Our results supported with Won et al. 2 estimated the incidence of bladder dysfunction after gynecological surgery, 20 of the 102 women included in the study (19.61%) were found to have bladder dysfunction with median post-void residual volume 210.
Also, Sandberg et al. 9 compared the retention outcomes of immediate catheter removal (ICR) and delayed removal (DCR) following laparoscopic hysterectomy and found that while 10 women in the ICR group were unable to urinate spontaneously within 6 hours, none of the women in the DCR group had this problem (risk difference 13.5%, 5.6–24.8, P = 0.88). Nonetheless, within 9 hours, 7 of these women were able to urinate normally without any help.
Similarly, after a hysterectomy, Ghezzi et al. 10 found that 21 percent of patients experienced postoperative voiding dysfunction, with 32 percent of those patients experiencing complete urine retention and 17 percent experiencing a postvoid residual volume more than 150 mL. Within 48 hours, all of these patients' voiding problem resolved.
In contrast to our study and previous studies, Risk assessments for POUR following benign gynecologic surgery were conducted by Siedhoff et al. 8 and revealed an extremely low incidence of 3.8%.
The void volume was significantly lower 24 hours postoperative than preoperative and one-week postoperative (P < 0.001).
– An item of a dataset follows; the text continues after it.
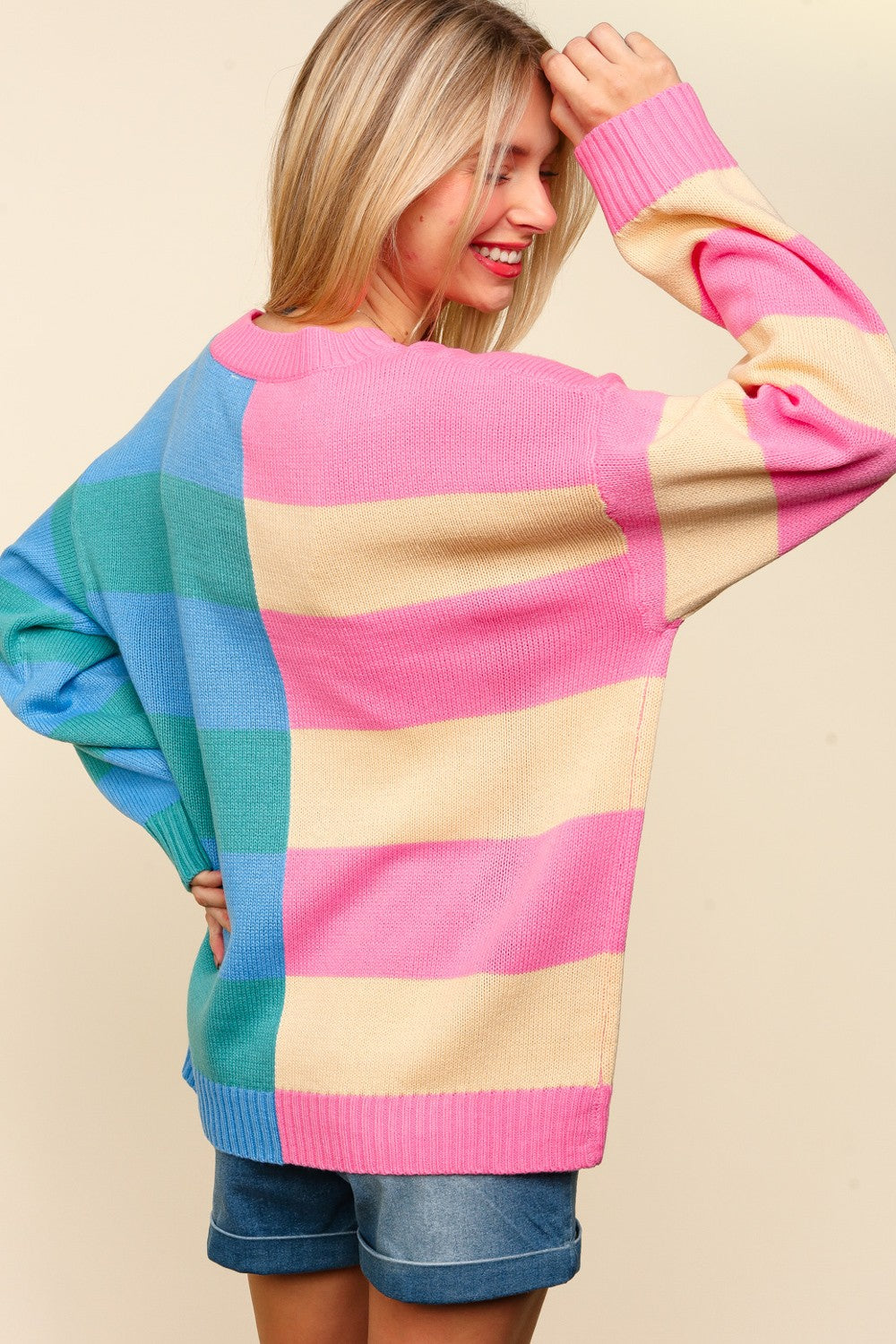 STRIPE LONG SLEEVE PULLOVER SWEATER KNIT TOP (PREORDER)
The post-void residuals volume was significantly higher 24 hours postoperative than preoperative and one-week postoperative (P < 0.001).
In line with our results, Catheterized volumes in individuals unable to void ranged from 464 to 255 milliliters, according to a study by Ghezzi et al. 10. Among patients where the estimated residual was larger than 150 mL on bladder ultrasonography, the mean PVRV was 444 ± 176 mL. In the study population, the median time to first void was 5 hours, excluding patients who had indwelling catheterization (range: 1–10 hours). The average number of catheterizations for patients with voiding dysfunction was 1.3 ± 0.5 (95%), with 29 women (12.4%) requiring multiple procedures. 14 patients (6.0%) required the insertion of an indwelling catheter. The majority of women had regular urination after 48 hours.
None of the demographic variables of the study's sample differed from chance based on whether or not POUR was present as: age, BMI, parity, gravidity, operative time, length of admission, smoking history, abdomino-pelvic surgical history, menopausal status, type of surgery, and 30-day readmission (P > 0.05). There were statistically significant differences between the presence of POUR and CS (P = 0.045) and need for indwelling catheter (P < 0.001).
Similarly, Won et al. 2 found that the number of surgical sites (p = 0.31) or the duration of surgery (p = 0.54) were not associated with a higher risk of postoperative bladder dysfunction (p = 0.58). Those with postoperative bladder dysfunction did not have a higher rate of intraoperative complications than those without (p = 0.20). Opioid use during and after surgery did not differ significantly between patients with and without bladder impairment. Neither group had a significantly higher rate of patients requiring dissection of the pouch of Douglas, uterosacral ligaments, pelvic sidewall, or uterovesical folds than the other. Postoperative bladder dysfunction was more common in patients who used ADEPT anti-adhesion solution intraoperatively (p = 0.001).
Also, Ghezzi et al. 10 found that no demographic, historical, preoperative, or postoperative characteristics were found to have a statistically significant relationship with the onset of voiding dysfunction following surgery. (eg: operating time, narcotic use, estimated blood loss). The type of hysterectomy procedure performed was the only element identified to significantly affect the occurrence of voiding issues after the procedure. VH patients were more likely to experience complications related to voiding than TLH individuals, with an OR of 2.8 (95% CI 1.5–5.4).
This study's findings suggest that benign gynecologic surgery can have considerable and variable effects on voiding function after surgery. Long-term effects on bladder function and the underlying mechanisms of these alterations are unknown. The lack of an agreed-upon definition, the impact even at greater rates of leftover urine volume, and the possibility for long-term difficulties may be viewed as limitations to external validity, but these findings and definitions should not be overlooked.